About this Research Topic
Speakers of a heritage language (also known as immigrant, community, or home language) acquire it naturalistically at home as a minority language, in a country or region where a different, majority language is spoken (e.g. Spanish or Hindi in the US, Polish or Bangladeshi in the UK, Russian in Norway, etc.). Chronologically, it is the first language of the individual, and possibly one of two or more native languages. In this sense, a heritage speaker is someone that is in a household that speaks a language other than that of the regional language and, as a consequence, learns this language naturalistically at home.

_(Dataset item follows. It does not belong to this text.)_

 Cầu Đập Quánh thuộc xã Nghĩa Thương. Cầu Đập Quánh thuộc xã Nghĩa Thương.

Heritage language speakers complete their schooling from early age in the dominant, or societal, language , but may later, when they reach high school and/or college, attend language classrooms to improve their abilities in the heritage language. In the language classroom, however, heritage speakers and second language (L2) learners have different needs that stem from differences between heritage and L2 grammars. Such differences have been documented for a range of properties in multiple domains: the lexicon, inflectional morphology, syntax, and phonetics/phonology. To better serve these speakers, researchers from different traditions have investigated heritage bilinguals’ educational needs.
However, researchers focusing on heritage languages seldom talk across perspectives. Psycholinguists, formal linguists, emergentists, neurolinguists, sociolinguists, and educators have all contributed significantly to our knowledge of heritage speakers’ language performance (use) and competence (grammatical knowledge). In fact, there are substantial—and growing—bodies of literature on the topic from all these perspectives that, for the most part, do not talk to each other. The goal of this Research Topic is to bridge this gap with a specific emphasis on how cognitive scientists and teaching practitioners can inform each other’s work.

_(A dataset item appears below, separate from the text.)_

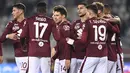 Gelandang Torino, Josip Brekalo (tengah) berselebrasi usai mencetak gol ke gawang Fiorentina selama pertandingan lanjutan Liga Serie A Italia di stadion Olimpiade di Turin, Italia, Selasa (11/1/2022). Josip Brekalo mencetak dua gol dan mengantar Torino menang  atas Fiorentina 4-0. (Fabio Ferrari/LaP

We welcome forward-looking proposals designed to address the challenges of heritage speakers and learners in language education in any country. Contributions should present findings that move beyond describing the state of the science; i.e., proposals should be based on original quantitative or qualitative research.
Topics may include, but are not limited to:
• Multidisciplinary and translational research, i.e., heritage speakers and educational psychology; cognitive psychology; or neurocognition, including psycholinguistics and neurolinguistics
• Language acquisition and development, including formal linguistic and usage-based approaches, sociolinguistics, linguistic anthropology, computational and corpus linguistics
• Cross-linguistic influence and language transfer
• Literacy, bi/multiliteracy development, i.e., bilingual education, classroom language use, cross-curricular language development
• The bi/multilingual self in society, bilingualism and bicultural competence
• Language teaching methodologies for heritage speakers
• Language assessment for heritage speakers, e.g., formative or summative assessment
Important Note: All contributions to this Research Topic must be within the scope of the section and journal to which they are submitted, as defined in their mission statements. Frontiers reserves the right to guide an out-of-scope manuscript to a more suitable section or journal at any stage of peer review.